[ 
https://issues.apache.org/jira/browse/RATIS-946?page=com.atlassian.jira.plugin.system.issuetabpanels:comment-tabpanel&focusedCommentId=17752744#comment-17752744
 ] 

Sammi Chen commented on RATIS-946:
----------------------------------

Hi [~szetszwo], with the current inconsistent index handling in RATIS, is this 
problem resolved? 

> GrpcLogAppender fails to fix failed AppendEntries with inconsistency in case 
> of message losses
> ----------------------------------------------------------------------------------------------
>
>                 Key: RATIS-946
>                 URL: https://issues.apache.org/jira/browse/RATIS-946
>             Project: Ratis
>          Issue Type: Bug
>          Components: gRPC
>    Affects Versions: 1.0.0
>            Reporter: Burcu Ozkan
>            Priority: Major
>         Attachments: logs.txt, messages.txt
>
>
> I am testing fault tolerance of Ratis, more specifically whether it can 
> tolerate random message losses.
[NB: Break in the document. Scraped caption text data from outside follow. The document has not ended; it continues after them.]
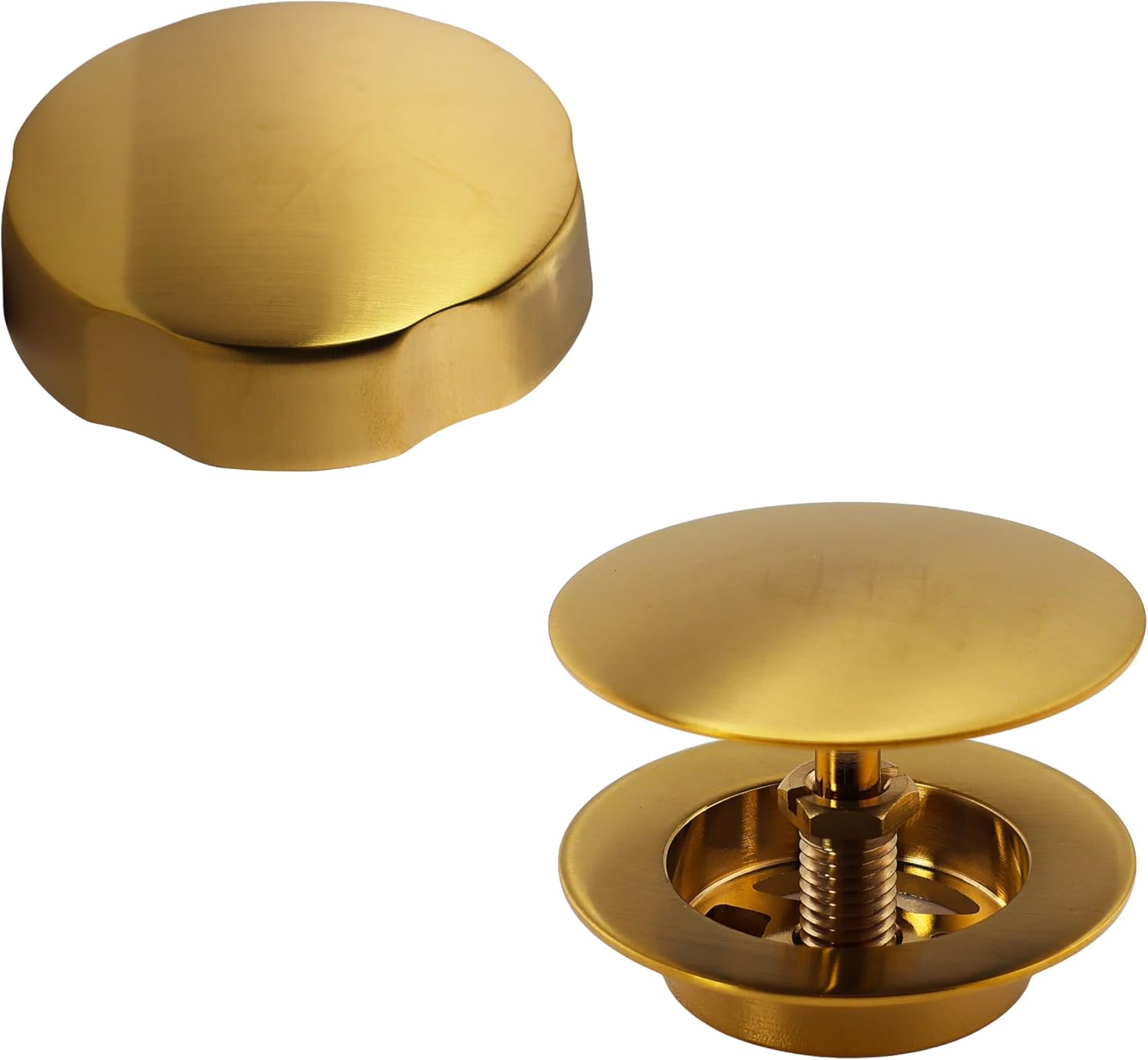 Westbrass A50P45-18 45' SCH. 40 PVC Cable Driven Bath Drain Trim Kit with Rotary Overflow Cover Knob and Pop-Up Stopper, Brushed Bronze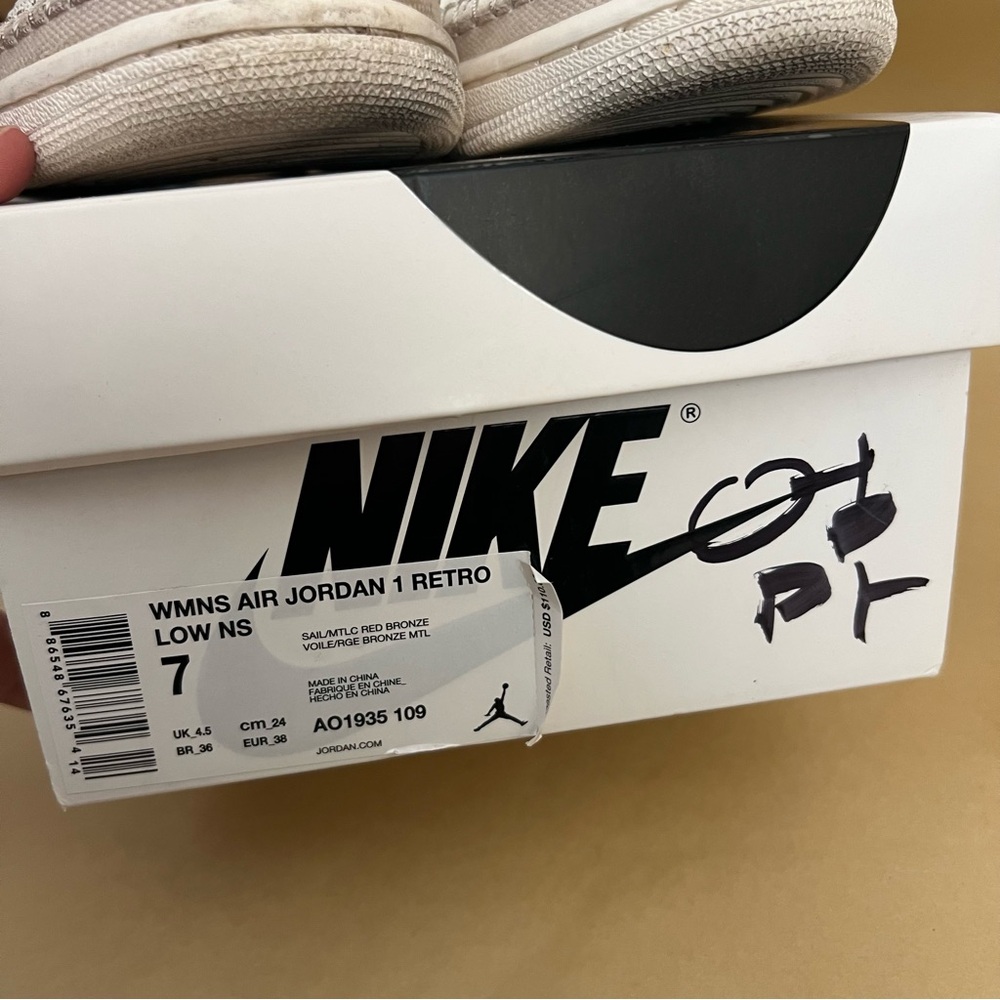 Nike Air Jordan 1 Retro Low NS Sail Red Bronze Womens Leather Sneakers White USA - Picture 3 of 11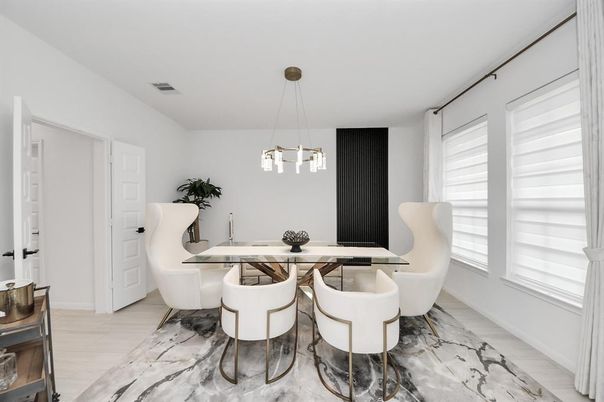 Dining room, Interior, Marble, Pendant Lights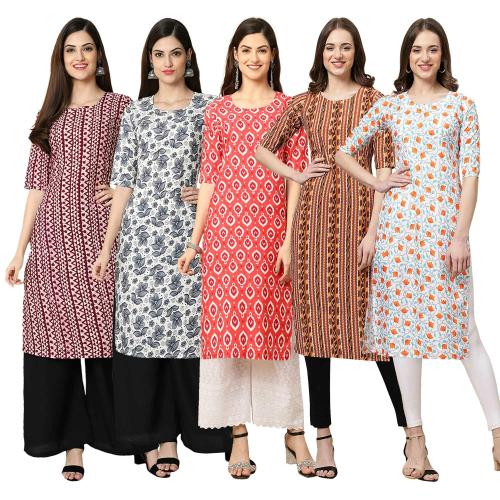 Ethnic Basket Women's Crepe Digital Print Straight Kurta [Pack of 5] {J-347-357-346-344-334-XXL}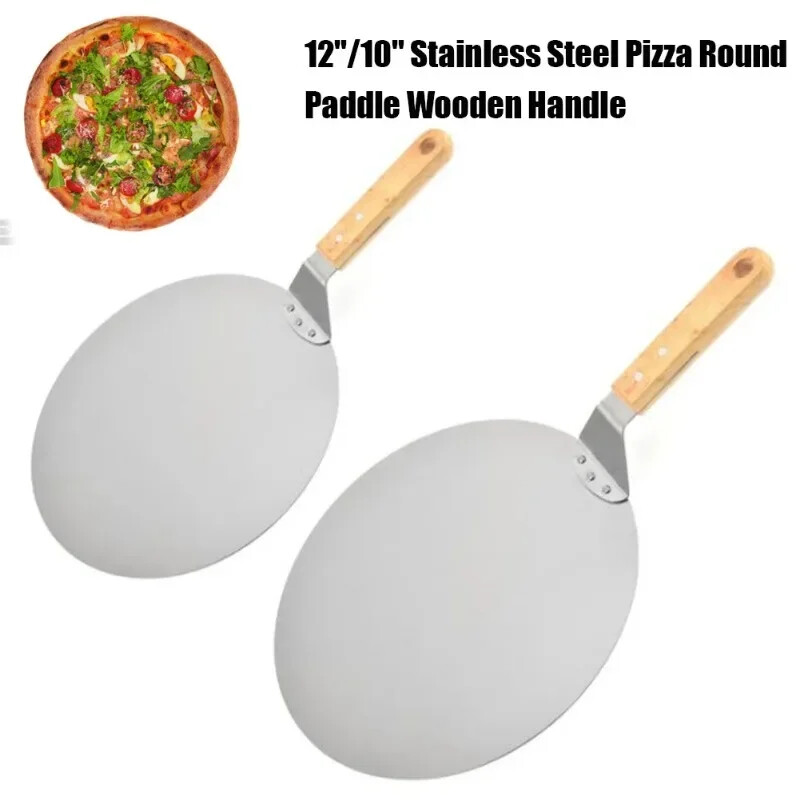 10 hüvelykes pizzalapátok fa nyelű kerek, rozsdamentes acél tortalapát Pizzalapát tortaeszközök Konyhai sütési kellékek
Simply, I drop some of the messages and do 
> not deliver them to the recipient. 
> In some tests where the servers have inconsistent logs, I observe executions 
> in which the follower fails to synchronize with the leader.  The servers 
> indefinitely exchange AppendEntries request and its failing reply, logging 
> the following messages repeatedly:
> {noformat}
> impl.FollowerInfo (FollowerInfo.java:lambda$new$0(51)) - 
> s1@group-AD42E7C24DDE->s0: nextIndex: updateUnconditionally 19 -> 17
> impl.RaftServerImpl 
> (RaftServerImpl.java:checkInconsistentAppendEntries(1097)) - 
> s0@group-AD42E7C24DDE: Failed appendEntries as previous log entry ((t:20, 
> i:16)) is not found
> impl.RaftServerImpl 
> (RaftServerImpl.java:checkInconsistentAppendEntries(1063)) - 
> s0@group-AD42E7C24DDE: inconsistency entries. 
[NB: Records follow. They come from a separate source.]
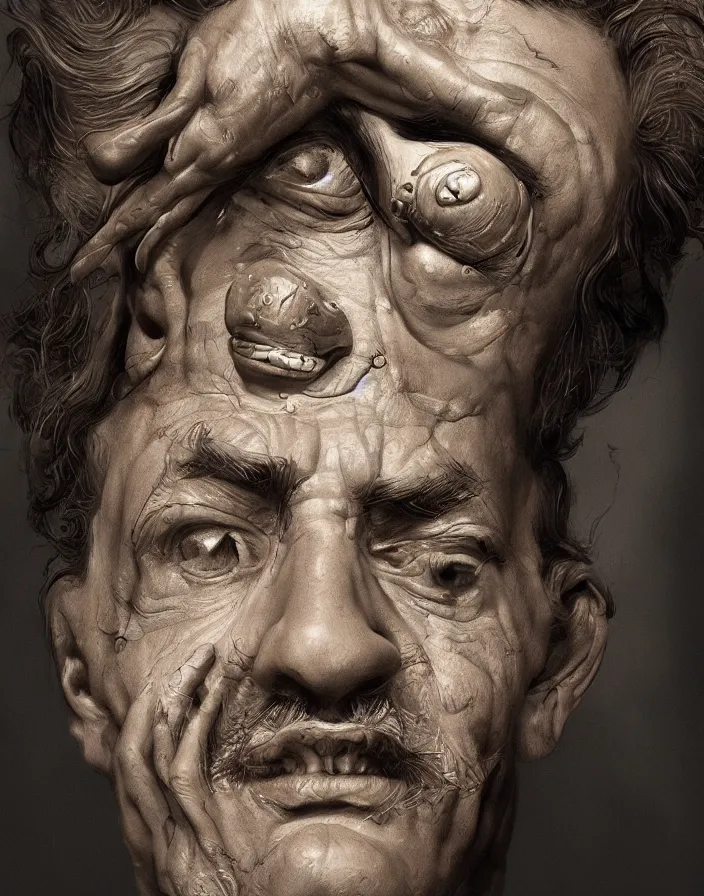 Image similar to Salvador Dalí grotesque portrait, D&D, fantasy, intricate, elegant, highly detailed, digital painting, artstation, concept art, smooth, sharp focus, high detail, octane render, 8k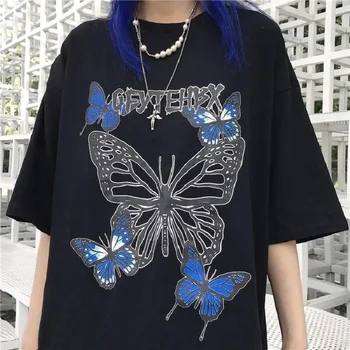 футболка Женские футболки harajuku y2k топы эстетичные винтажные женские рубашки корейского стиля оверсайз бабочка haut femme винтажный топ
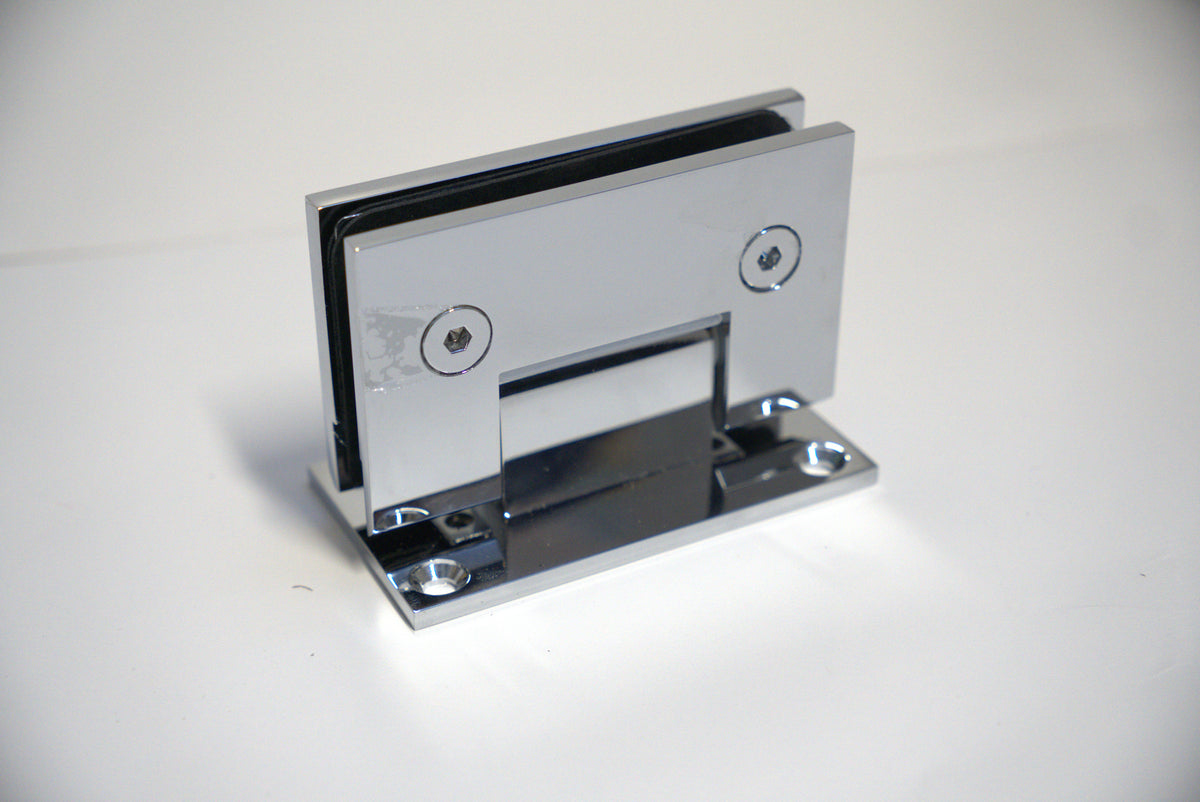 Standard GEN Hinge Wall to Glass H Plate by Best Glass Parts, close-up showing sleek metal hinge for glass shower doors.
> Reply:s1<-s0#308912:FAIL,INCONSISTENCY,nextIndex:16,term:20,followerCommit:16
> impl.FollowerInfo (FollowerInfo.java:lambda$new$0(51)) - 
> s1@group-AD42E7C24DDE->s0: nextIndex: updateUnconditionally 19 -> 16 
> {noformat}
> This occurs when gRPC adapter is used, I did not observe the problem using 
> Netty.
> Here is the part of the logs before the repeated messages:
> {noformat}
> ...
> impl.RoleInfo (RoleInfo.java:updateAndGet(143)) - s0: start FollowerState
> impl.RaftServerImpl (ServerState.java:setLeader(255)) - 
> s0@group-AD42E7C24DDE: change Leader from null to s1 at term 20 for 
> appendEntries, leader elected after 3ms
> client.GrpcClientProtocolService 
> (GrpcClientProtocolService.java:lambda$processClientRequest$0(283)) - Failed 
> RaftClientRequest:client-A0592557AEC3->s0@group-AD42E7C24DDE, cid=7, seq=0, 
> RW, Message:6d3130, 
> reply=RaftClientReply:client-A0592557AEC3->s0@group-AD42E7C24DDE, cid=7, 
> FAILED org.apache.ratis.protocol.NotLeaderException: Server 
> s0@group-AD42E7C24DDE is not the leader, logIndex=0, commits[s0:c14, s1:c13, 
> s2:c13]
> client.GrpcClientProtocolService 
> (GrpcClientProtocolService.java:lambda$processClientRequest$0(283)) - Failed 
> RaftClientRequest:client-3A32B89816B9->s0@group-AD42E7C24DDE, cid=8, seq=0, 
> RW, Message:6d3131, 
> reply=RaftClientReply:client-3A32B89816B9->s0@group-AD42E7C24DDE, cid=8, 
> FAILED org.apache.ratis.protocol.NotLeaderException: Server 
> s0@group-AD42E7C24DDE is not the leader, logIndex=0, commits[s0:c14, s1:c13, 
> s2:c13]
> client.GrpcClientProtocolService 
> (GrpcClientProtocolService.java:lambda$processClientRequest$0(283)) - Failed 
> RaftClientRequest:client-73072E12695E->s0@group-AD42E7C24DDE, cid=6, seq=0, 
> RW, Message:6d3132, 
> reply=RaftClientReply:client-73072E12695E->s0@group-AD42E7C24DDE, cid=6, 
> FAILED org.apache.ratis.protocol.NotLeaderException: Server 
> s0@group-AD42E7C24DDE is not the leader, logIndex=0, commits[s0:c14, s1:c13, 
> s2:c13]
> server.GrpcLogAppender (GrpcLogAppender.java:onCompleted(321)) - 
> s0@group-AD42E7C24DDE->s1-AppendLogResponseHandler: follower responses 
> appendEntries COMPLETED
> impl.RaftServerImpl 
> (RaftServerImpl.java:checkInconsistentAppendEntries(1088)) - 
> s0@group-AD42E7C24DDE: Failed appendEntries: the first entry (index 15) is 
> already committed (commit index: 16)
> statemachine.SimpleStateMachine4Testing 
> (SimpleStateMachine4Testing.java:put(200)) - s0: put 15, m11 -> (t:19, i:15), 
> STATEMACHINELOGENTRY, client-3A32B89816B9, cid=8
> impl.RaftServerImpl 
> (RaftServerImpl.java:checkInconsistentAppendEntries(1063)) - 
> s0@group-AD42E7C24DDE: inconsistency entries. 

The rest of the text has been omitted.